When a U.S. cabinet secretary and the Queen of England have a flag practice in common, that's weird.
Interior Secretary Ryan Zinke delivers a speech billed as \"A Vision for American Energy Dominance\" at the Heritage Foundation on September 29, 2017 in Washington, D.C.
Interior Secretary Ryan Zinke delivers a speech billed as \"A Vision for American Energy Dominance\" at the Heritage Foundation on September 29, 2017 in Washington, D.C.

Donald Trump has assembled quite a motley crew for his cabinet, and choosing its strangest member is challenging. But Interior Secretary Ryan Zinke is clearly making a name for himself -- and not necessarily in a good way.

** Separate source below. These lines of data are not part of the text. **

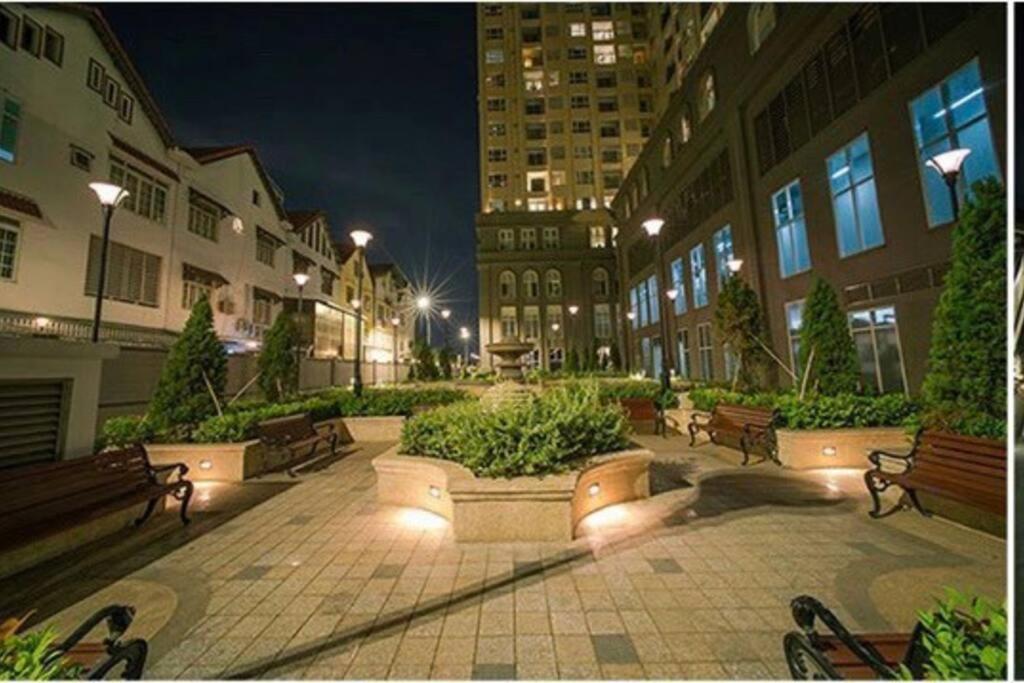 Căn hộ 2PN, 2WC tầng 25 2 bedrooms luxury apartment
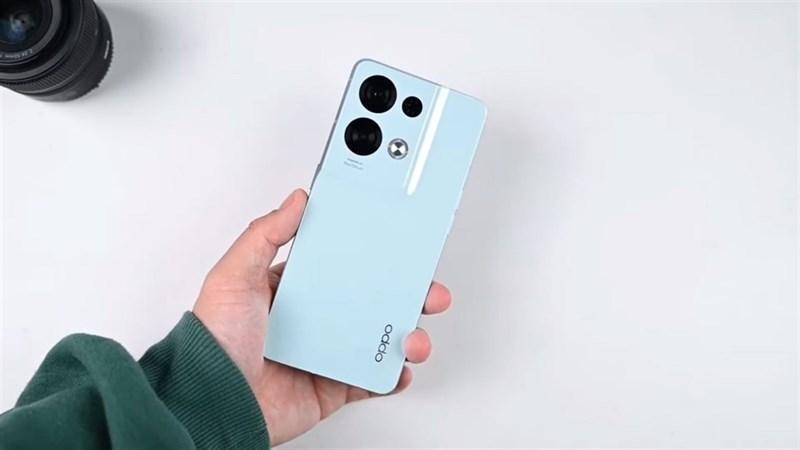 Hộp đựng của OPPO Reno8 Pro+ với tông màu Trắng tinh khôi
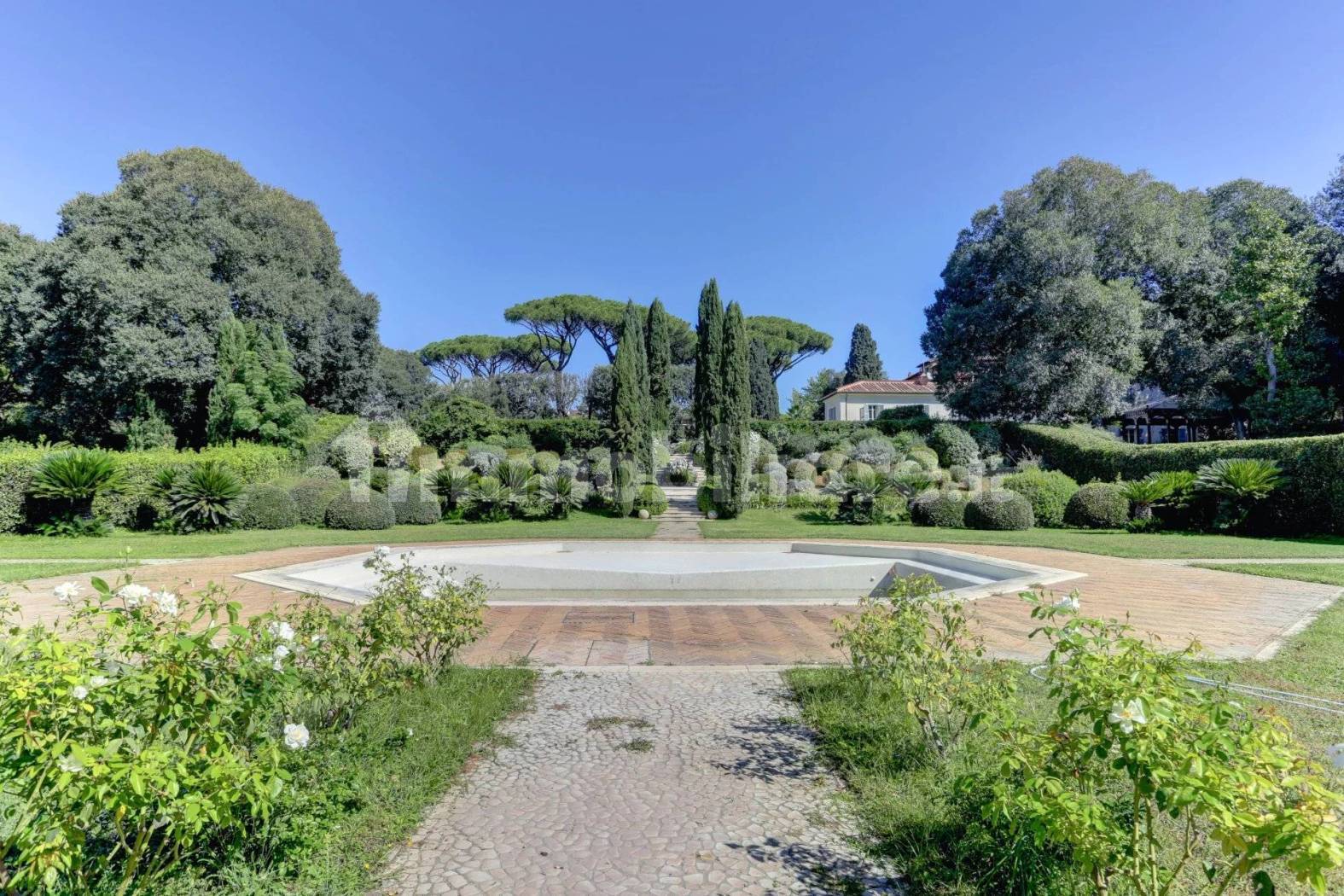 Villa in affitto a Roma
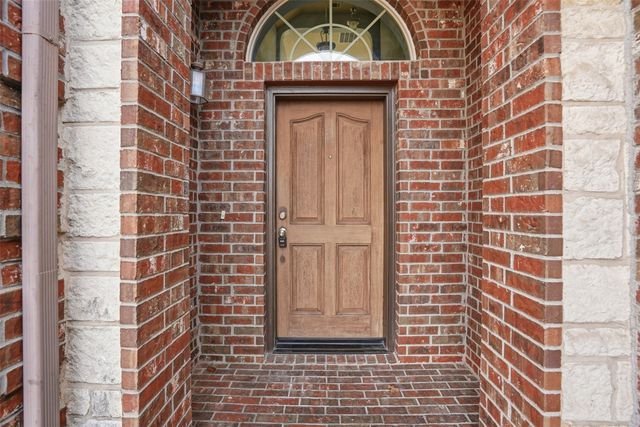 2268 Laurel Forest Drive, Fort Worth, TX 76177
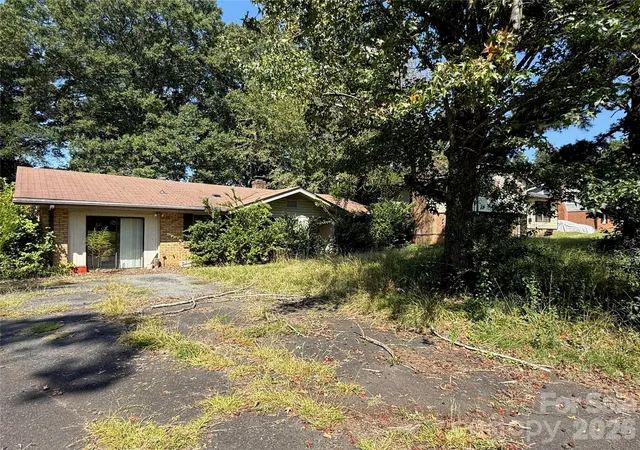 Photo 1 of Single family home for sale at 6737 Cardigan Ave, Charlotte, NC 28215 | MLS# 4426684 | Listing updated on 2026-09-23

As regular readers know, the Republican's troubles have been steadily intensifying. It looked bad, for example, when Zinke gave a motivational speech to a Republican donor's hockey team, before taking a $12,000 flight home. It didn't help when we learned the private plane belongs to "the executives of a Wyoming oil-and-gas exploration firm."

As Rachel noted last week, Zinke has also taken private jet flights to a GOP fundraiser and to the U.S. Virgin Islands – long before the islands faced any hurricane damage -- where he enjoyed "an official snorkeling tour." The story took another turn this week when we learned Zinke also charged taxpayers to fly him to a ski resort and to fly him to an awesome sounding steakhouse in Alaska.

Late yesterday, the Washington Post highlighted a brand new Zinke story, which has nothing to do with his controversial travel schedule, but which casts the cabinet secretary in a very odd light.

At the Interior Department's headquarters in downtown Washington, Secretary Ryan Zinke has revived an arcane military ritual that no one can remember ever happening in the federal government.A security staffer takes the elevator to the seventh floor, climbs the stairs to the roof and hoists a special secretarial flag whenever Zinke enters the building. When the secretary goes home for the day or travels, the flag -- a blue banner emblazoned with the agency's bison seal flanked by seven white stars representing the Interior bureaus -- comes down.

When a cabinet secretary and the Queen of England have a flag practice in common, that's weird.

The cabinet secretary's press secretary told the Post in an email, "Ryan Zinke is proud and honored to lead the Department of the Interior, and is restoring honor and tradition to the department, whether it's flying the flag when he is in garrison or restoring traditional access to public lands."

That might be a more compelling response if Zinke weren't a civilian and if the Department of the Interior were a military instillation.

For his part, the Interior secretary recently said about a third of the Americans who work in his department are "not loyal to the flag." I'm going to hope he was referring to the flag that represents Zinke personally, not the nation's flag.